I suppose there will always be obtuse men in the pastoral office-- men who know no way of getting into a sensitive soul except by knocking in the door and walking in with their boots on; but all such men are out of their place. The souls of an average people-- tied to the tasks of life, burdened by care, oppressed by routine, and depressed in many instances by bodily weakness--need sympathy more than counsel, and encouragement and inspiration more than a solemn, professional catechetical probing of their religious state. But I think, as I have already said, that the world is improving in this matter. Our pastors are more social, more facile, more appreciative of the fact that, in all their personal intercourse with their people, they must win love and give sympathy if they would do good in the line of their profession.

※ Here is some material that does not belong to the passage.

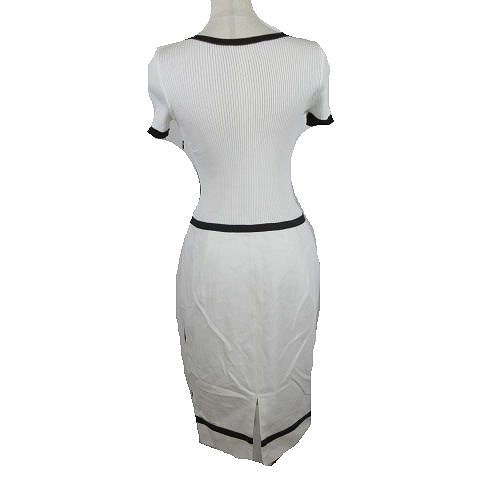 ポールカ Paule Ka ワンピース リブニット 切替 半袖 グログランテープ サイズ40 ホワイト ブラック 5 レディース 095 ベクトルパーク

So much in the vein of criticism; and if I am asked what guide a man shall have in the matter of doing good in the world, I shall answer: a loving, honest, and brave heart, and a mind that judges for itself. The heart that loves its fellow-men will move its possessor to do good; and the mind that thinks and judges for itself will decide in what direction its efforts ought to be made. If a man be moved to do good, he will do it, and his heart will lead him in the right direction. Under a mistaken sense of duty, inculcated by incompetent counsellors, men find themselves in fields of benevolent action to which they are very poorly adapted; and the world is full of these blunders; but an honestly-loving heart and an ordinarily clear brain, that nobody has been allowed to meddle with and muddle, will tell a man where he belongs and what he ought to do. If a man have a gift for ministering to the sick, let him do it. If he have a gift for dealing personally with the poor, let him do that. If he have a gift for making money, and none for properly applying his charities, let him hand his money to those who are competent to dispense it. I do not believe that many loving hearts, coupled with unsophisticated judgments, are engaged in indiscriminate and random efforts to act for religious ends upon the minds they meet with. I believe that with all such hearts and judgments there is connected a sense of that which is fit and proper in time, place, and circumstance, so that wherever they strike they leave their mark. I believe that such hearts and judgments will scorn to do that by indirection which they can do better directly, and that if it be fit and proper for them to offer reproof to a man, they will do it by the brave word of mouth, and not sneak up to him and put a card or a tract into his hand. I believe that men with such hearts and judgments would prefer making a subscription directly to a charitable object, to making one indirectly by paying double price for articles they do not want. And last, I think that pastors, with such hearts and judgments, are not at all in danger of becoming coldly professional in their noble duties. A life in any sphere that is the expression and outflow of an honest, earnest, loving heart, taking counsel only of God and itself, will be certain to be a life of beneficence in the best possible direction.